YOUR GOAL: Line by line, restate the material word for word, omitting any image.

DATA PROVIDED:

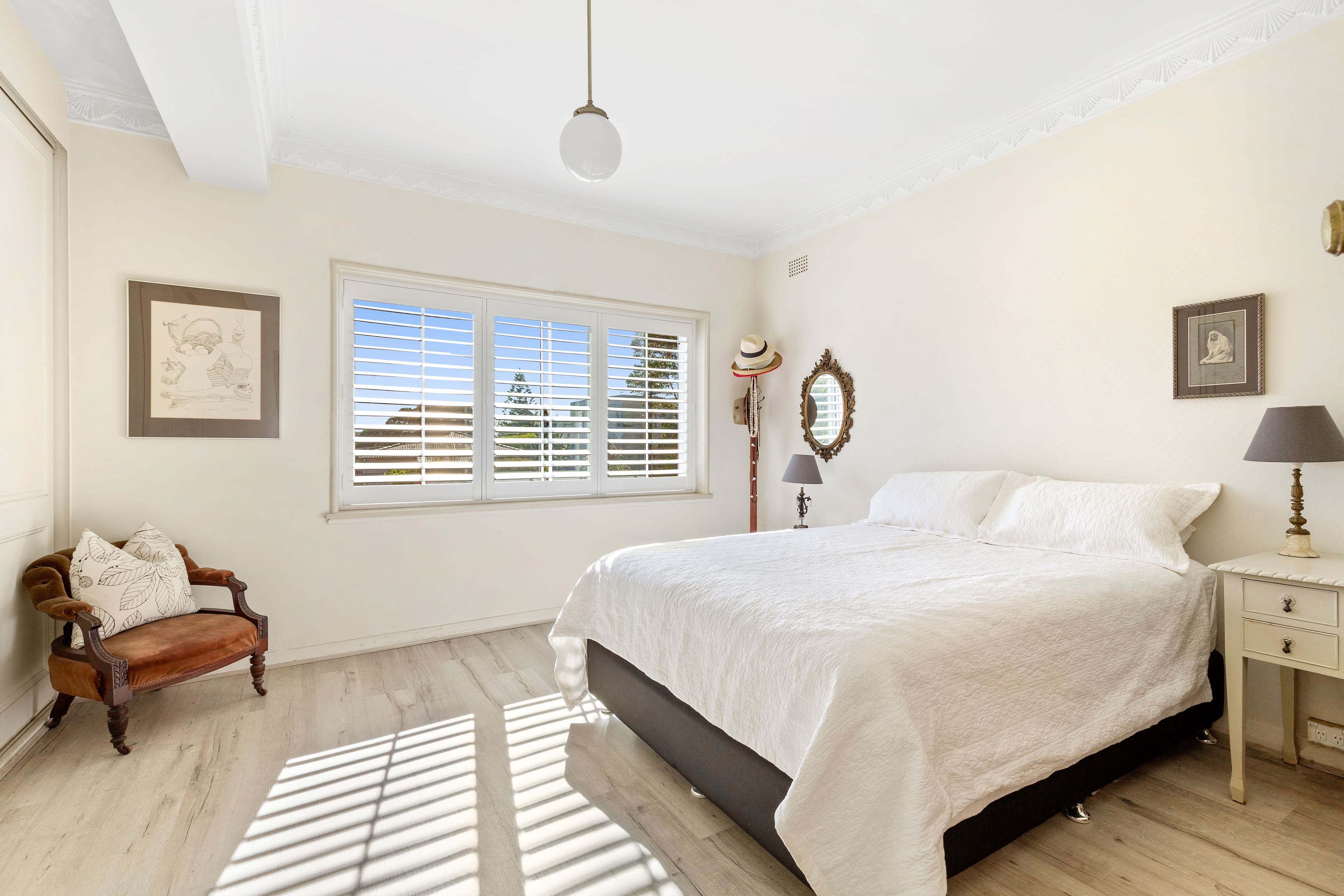 20 Streatfield Road, Bellevue Hill NSW 2023, Bellevue Hill - Image 1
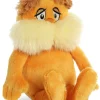Aurora® - Dr. Seuss - 12" The Lorax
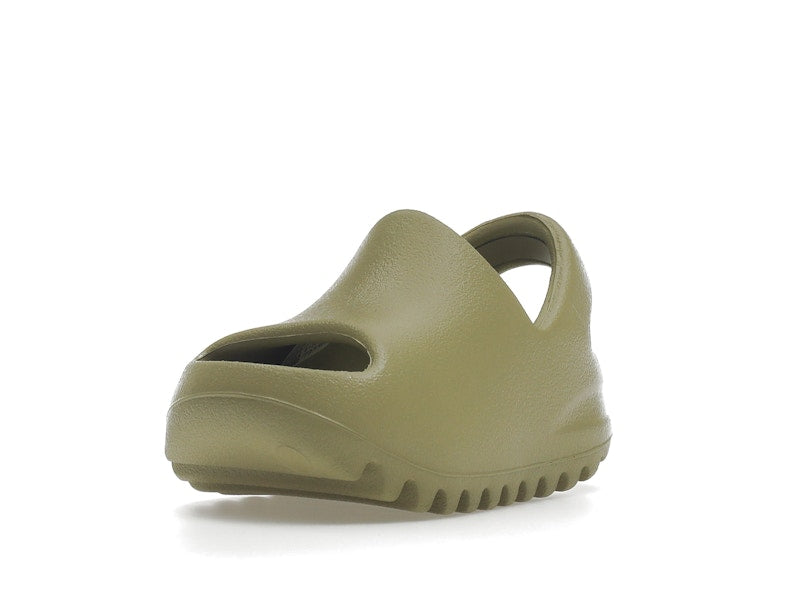 adidas Yeezy Slide Resin (2022) (Infants)
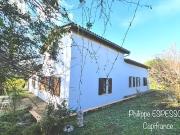 Puymiclan 47350 Achat / Vente maison 6 pièces t6 piscine...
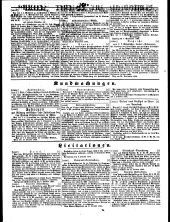 Wiener Zeitung 18481022 Seite: 14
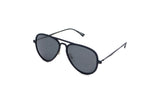 X-TREME 4211 - 02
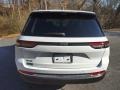 Bright White - Grand Cherokee 4XE Hybrid Photo No. 9
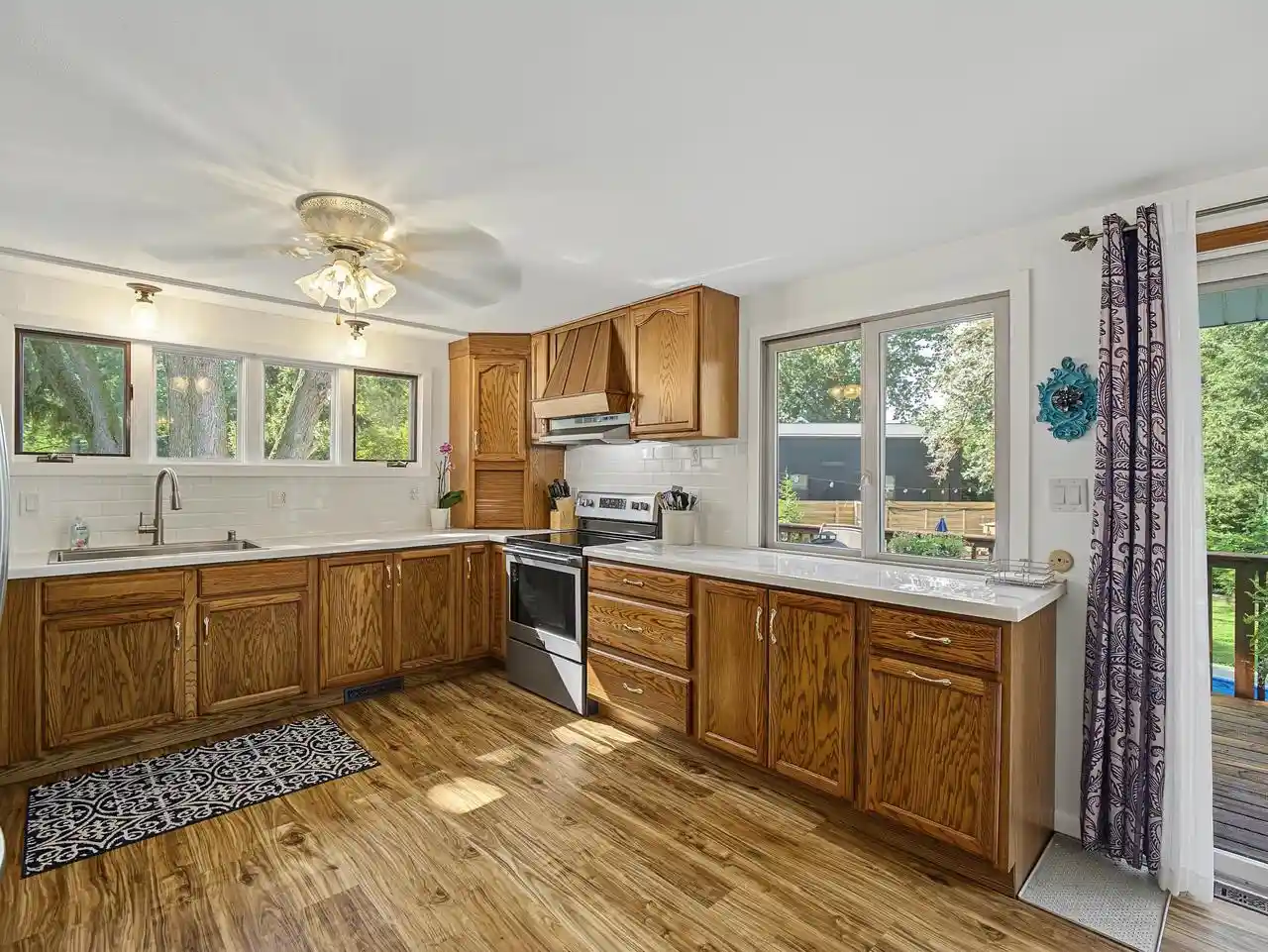 Photo 4 of Single family home for sale at 511 St Clare Court Court, Monroe, WI 53566 | MLS# 2031448 | Listing updated on 2026-09-18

RESULT OF THE EXERCISE:
 20 Streatfield Road, Bellevue Hill NSW 2023, Bellevue Hill - Image 1
Aurora® - Dr. Seuss - 12" The Lorax
 adidas Yeezy Slide Resin (2022) (Infants)
 Puymiclan 47350 Achat / Vente maison 6 pièces t6 piscine...
 Wiener Zeitung 18481022 Seite: 14
 X-TREME 4211 - 02
 Bright White - Grand Cherokee 4XE Hybrid Photo No. 9
 Photo 4 of Single family home for sale at 511 St Clare Court Court, Monroe, WI 53566 | MLS# 2031448 | Listing updated on 2026-09-18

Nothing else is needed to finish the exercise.